▸ TASK DETAILS
Provide again, from the entries below, every line from the one containing "В Венеции наводнение" through the one containing "La UNPHU presento", exactly as written, and no other line.

[SOURCE INFORMATION]

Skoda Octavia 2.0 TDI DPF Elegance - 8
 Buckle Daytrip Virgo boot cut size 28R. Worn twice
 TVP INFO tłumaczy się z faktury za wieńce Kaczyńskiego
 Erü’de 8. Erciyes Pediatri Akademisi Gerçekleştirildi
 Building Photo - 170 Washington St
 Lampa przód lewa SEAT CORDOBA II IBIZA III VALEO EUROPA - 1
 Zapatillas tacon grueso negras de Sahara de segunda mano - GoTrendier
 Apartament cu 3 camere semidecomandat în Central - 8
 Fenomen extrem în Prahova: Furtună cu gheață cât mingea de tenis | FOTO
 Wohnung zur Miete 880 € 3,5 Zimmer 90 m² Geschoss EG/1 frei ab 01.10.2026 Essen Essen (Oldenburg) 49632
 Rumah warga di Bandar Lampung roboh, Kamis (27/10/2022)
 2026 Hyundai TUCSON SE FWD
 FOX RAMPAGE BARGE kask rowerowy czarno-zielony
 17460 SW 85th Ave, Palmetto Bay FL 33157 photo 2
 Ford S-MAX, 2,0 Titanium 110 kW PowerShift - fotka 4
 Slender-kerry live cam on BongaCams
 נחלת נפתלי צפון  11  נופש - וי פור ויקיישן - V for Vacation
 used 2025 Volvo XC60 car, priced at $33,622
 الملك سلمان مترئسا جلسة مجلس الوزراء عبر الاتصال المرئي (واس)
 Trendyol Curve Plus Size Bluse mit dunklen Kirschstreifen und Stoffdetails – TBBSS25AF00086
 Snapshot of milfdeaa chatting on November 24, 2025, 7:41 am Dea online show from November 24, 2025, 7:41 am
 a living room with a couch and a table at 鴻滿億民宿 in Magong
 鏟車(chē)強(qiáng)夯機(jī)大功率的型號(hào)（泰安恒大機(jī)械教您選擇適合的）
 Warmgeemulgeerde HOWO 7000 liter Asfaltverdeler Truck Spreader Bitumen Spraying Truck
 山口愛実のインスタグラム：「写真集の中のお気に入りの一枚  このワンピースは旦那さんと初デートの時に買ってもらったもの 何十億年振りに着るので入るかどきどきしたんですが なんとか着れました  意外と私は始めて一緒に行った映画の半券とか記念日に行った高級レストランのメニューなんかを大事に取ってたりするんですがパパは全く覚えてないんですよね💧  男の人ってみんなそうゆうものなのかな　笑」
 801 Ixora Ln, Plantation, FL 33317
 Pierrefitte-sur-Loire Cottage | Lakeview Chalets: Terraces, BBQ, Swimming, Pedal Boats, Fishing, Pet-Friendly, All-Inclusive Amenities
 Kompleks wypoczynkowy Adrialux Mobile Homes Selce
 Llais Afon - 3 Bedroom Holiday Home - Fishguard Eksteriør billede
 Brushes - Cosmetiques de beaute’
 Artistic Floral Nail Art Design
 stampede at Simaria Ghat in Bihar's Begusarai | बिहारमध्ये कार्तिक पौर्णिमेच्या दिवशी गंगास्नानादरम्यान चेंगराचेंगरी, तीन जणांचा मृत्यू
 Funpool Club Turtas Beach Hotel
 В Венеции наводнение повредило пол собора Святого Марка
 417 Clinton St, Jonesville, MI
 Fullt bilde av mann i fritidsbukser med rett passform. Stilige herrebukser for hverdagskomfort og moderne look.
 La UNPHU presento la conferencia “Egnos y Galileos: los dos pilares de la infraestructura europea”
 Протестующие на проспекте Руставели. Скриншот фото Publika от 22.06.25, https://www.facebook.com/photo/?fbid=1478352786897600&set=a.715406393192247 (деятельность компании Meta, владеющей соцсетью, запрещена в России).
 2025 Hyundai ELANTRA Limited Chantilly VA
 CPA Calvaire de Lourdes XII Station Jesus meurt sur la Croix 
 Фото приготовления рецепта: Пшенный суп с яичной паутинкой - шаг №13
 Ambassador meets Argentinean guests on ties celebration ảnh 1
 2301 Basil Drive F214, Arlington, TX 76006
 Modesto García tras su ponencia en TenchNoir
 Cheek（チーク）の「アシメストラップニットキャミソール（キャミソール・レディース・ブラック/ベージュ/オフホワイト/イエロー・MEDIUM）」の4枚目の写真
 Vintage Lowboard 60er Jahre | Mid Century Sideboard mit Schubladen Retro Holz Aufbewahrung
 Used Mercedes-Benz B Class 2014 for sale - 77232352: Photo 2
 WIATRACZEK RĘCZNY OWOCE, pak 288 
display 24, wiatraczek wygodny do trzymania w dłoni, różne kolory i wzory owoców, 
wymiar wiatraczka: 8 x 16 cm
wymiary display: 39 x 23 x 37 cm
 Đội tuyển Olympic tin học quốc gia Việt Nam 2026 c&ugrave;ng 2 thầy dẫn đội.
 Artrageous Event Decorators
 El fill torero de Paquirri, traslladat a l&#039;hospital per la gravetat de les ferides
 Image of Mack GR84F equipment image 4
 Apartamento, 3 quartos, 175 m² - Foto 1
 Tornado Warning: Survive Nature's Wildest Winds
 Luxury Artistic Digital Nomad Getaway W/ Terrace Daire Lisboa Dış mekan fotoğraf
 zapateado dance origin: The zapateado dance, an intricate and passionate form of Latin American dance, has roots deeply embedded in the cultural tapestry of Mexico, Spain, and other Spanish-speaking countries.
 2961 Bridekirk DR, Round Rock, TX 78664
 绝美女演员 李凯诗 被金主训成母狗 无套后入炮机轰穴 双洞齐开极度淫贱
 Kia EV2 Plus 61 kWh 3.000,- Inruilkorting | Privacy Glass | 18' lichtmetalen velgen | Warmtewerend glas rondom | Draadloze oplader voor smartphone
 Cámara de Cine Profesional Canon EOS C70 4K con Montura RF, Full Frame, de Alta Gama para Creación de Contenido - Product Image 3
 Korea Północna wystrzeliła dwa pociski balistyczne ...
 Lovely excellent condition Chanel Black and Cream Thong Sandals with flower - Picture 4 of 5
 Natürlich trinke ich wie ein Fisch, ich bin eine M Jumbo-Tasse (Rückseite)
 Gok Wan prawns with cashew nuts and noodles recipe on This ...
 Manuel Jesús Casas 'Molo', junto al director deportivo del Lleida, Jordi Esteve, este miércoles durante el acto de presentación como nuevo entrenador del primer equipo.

[/SOURCE INFORMATION]

▸ OUTPUT
 В Венеции наводнение повредило пол собора Святого Марка
 417 Clinton St, Jonesville, MI
 Fullt bilde av mann i fritidsbukser med rett passform. Stilige herrebukser for hverdagskomfort og moderne look.
 La UNPHU presento la conferencia “Egnos y Galileos: los dos pilares de la infraestructura europea”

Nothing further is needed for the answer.